AVAILABLE DATA -
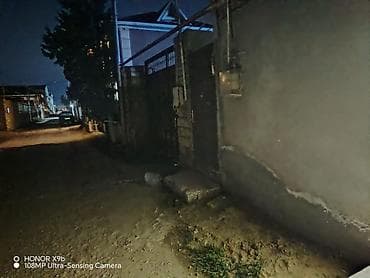 nefcilerde kiraye ev: 4 kv. m, 1 otaqlı, Kombi, Qaz, İşıq — 1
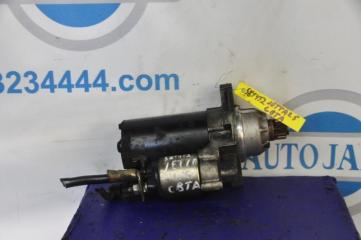 Стартер JETTA USA 10-17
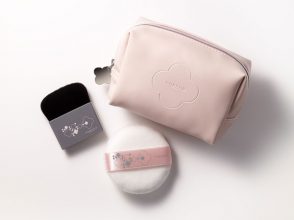 クリスマスコフレ2017,KOBAKO,コバコ,ベースメイク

TASK ITEM - Please transcribe the material above exactly as written. Leave the pictures out.

TASK ANSWER -
 nefcilerde kiraye ev: 4 kv. m, 1 otaqlı, Kombi, Qaz, İşıq — 1
 Стартер JETTA USA 10-17
 クリスマスコフレ2017,KOBAKO,コバコ,ベースメイク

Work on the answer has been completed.